Ahoy there chaps and chapettes,
Had my first certificate of occupancy inspection on friday and among some minor issues that i expected the major one i didnt expect was regarding the temporary steps i have built for the 2 back doors. I was told that if the amount of distance from the top step to the ground is greater than 570 and more than 3 steps are needed to travel this distance a landing of 750 in length must be installed. (refer to attached pic) 
 Now the distances from top to bottom of my steps at the moment are 700 and 900, so im well and truely over and therefore my steps, even though they are temporary until the deck gets built, are illegal.  
A little bit of side info, we relocated a house, the bank/government wont give us the first home owners grant until we have the Cert of occupancy as they have issues with relocated houses, any how it is the first home owners grant money we will be using to build a deck that these 2 doors open onto. This is the reason my steps are only temporary so we can get the certificate and the deck building money. 
Back on track to the question. Now i really dont want to have to shell out more cash to have 2 stupid landings installed when im just going to pull them down again in a couple of weeks. I was informed by a builder that maybe i could just build up the ground level around where the steps are until its within the 570mm mark (so about 20ish mm for one steps and 450ishmm the other) with dirt and paving.
Do you think this would satisfy whats required in regards to the steps?
Also how far around the steps do you think i should also build up? so it doesnt look so obvious? or does it not matter aslong as the ground immediatly around the stairs is correct? 
Thanks in advance for any replies 
trent

----------


## danielhobby

hi,building up ground level hasd been known to work to get around regs temporarily.also,are you sure that the dimension drawn as going210mm is legal,to my understanding the only stair that can have a 210mm going is a spiralstair.cheers danny.

----------


## dib

You can build up dirt at the bottom, this reasonably common to do (and and have done this).  I have also heard of people nailing up doors so that the stair/s can not be used to get their certificate. I had to build a 40mm "deck" around the bottom of my stairs into the garage as it was 610 not 570 (oops!).

----------


## kasperflipped

> hi,building up ground level hasd been known to work to get around regs temporarily.also,are you sure that the dimension drawn as going210mm is legal,to my understanding the only stair that can have a 210mm going is a spiralstair.cheers danny.
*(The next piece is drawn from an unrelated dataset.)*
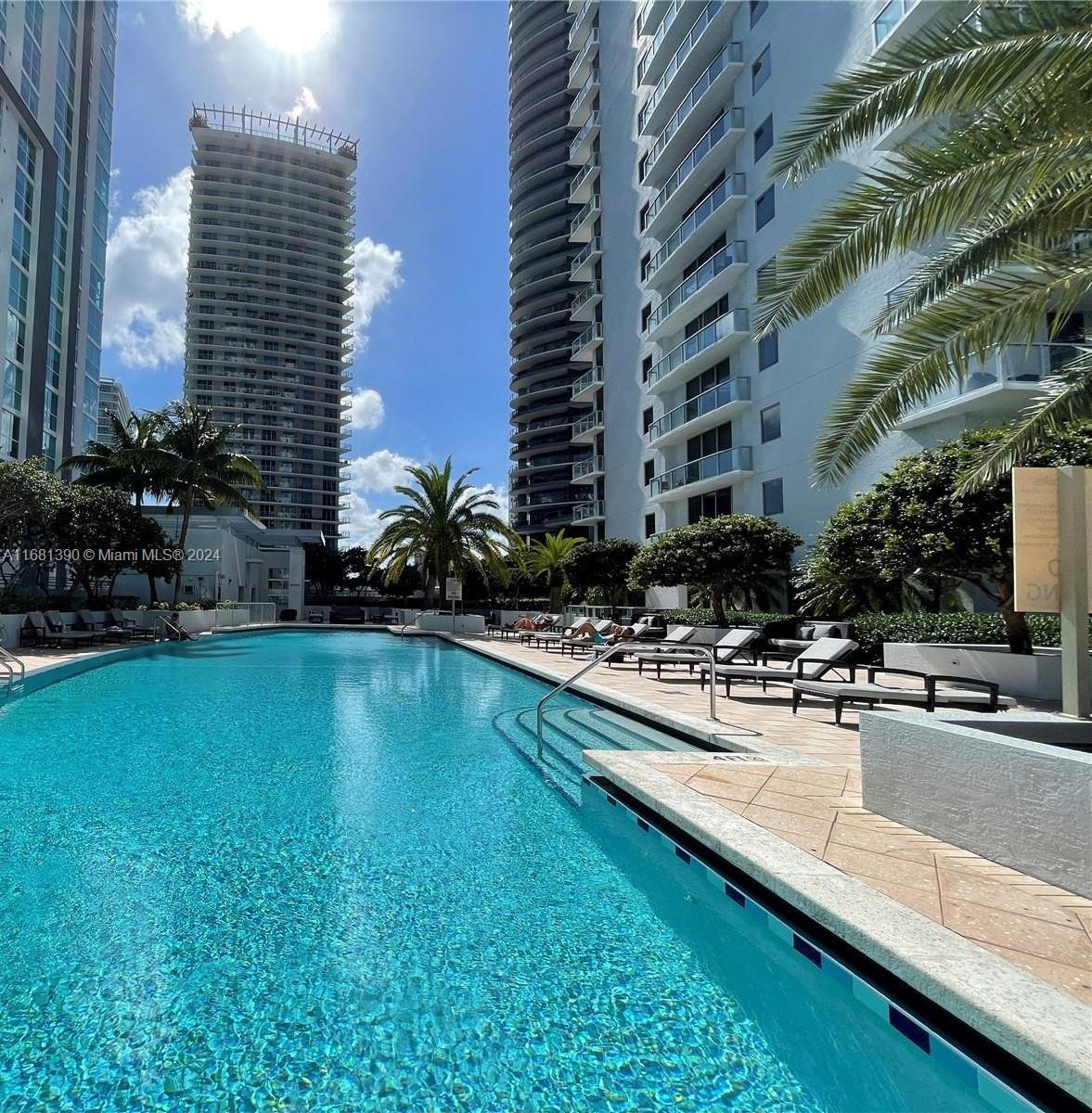 a view of a swimming pool with outdoor seating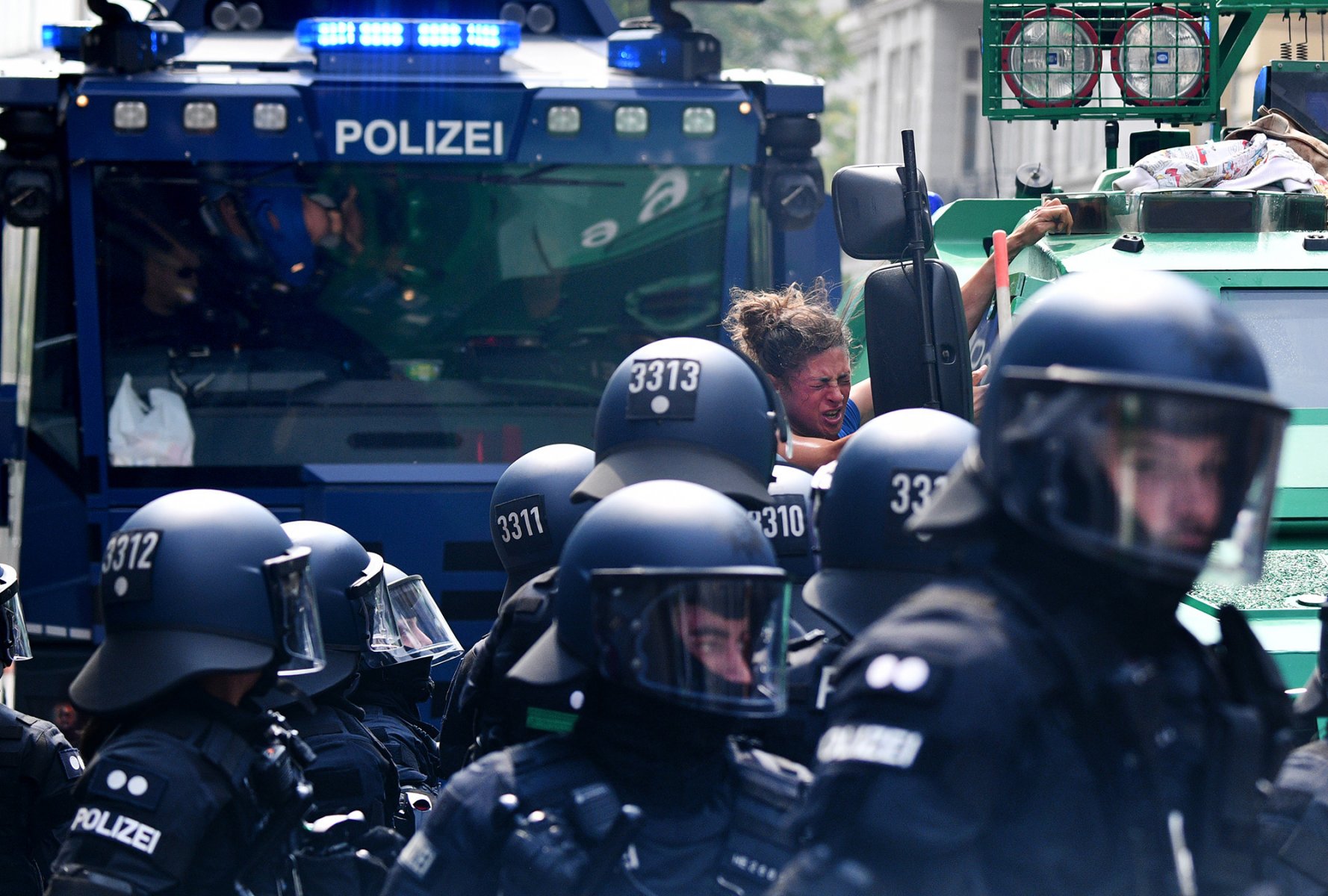 Nachdem sie auf einen Sonderwagen der Polizei geklettert war und von Beamten mit Tränengas besprüht worden war, wird eine junge Demonstrantin beim G-20 in Hamburg von Beamten von dem Fahrzeug geholt, während im Hintergrund Wasserwerfer bereit stehen.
  yeah the step width has to be a minimum of 240mm, that bit of pen is from a builders old job who scanned me the page. 
So I think I'm going to have a crack at this "building" up the ground, it will be a much cheaper option.

----------


## Eastwing

You could try just blocking the door off.

----------


## Cecile

> You could try just blocking the door off.

  i agree.  will they issue the C of O if the door(s) in question are permanently (temporarily) fastened shut, eg with screws?  building up the dirt at the bottom works also but makes more work when comes time to build the deck as you'll have to shift the dirt again

----------


## Bloss

Generally the door is fixed so that it can't be opened - so screws or nails in a hidden place but able to be shown to the certifier/ inspector. Then they are removed once signed off and deck built. I've had doors opening onto where a later deck will be 4m high passed this way!

----------


## kasperflipped

ahoy everyone, just letting you know that building up the dirt around the stairs has worked and passed council inspection, so if your ever in the same position as i was, consider this as an option
trent

----------


## watson

Thanks for the update.

----------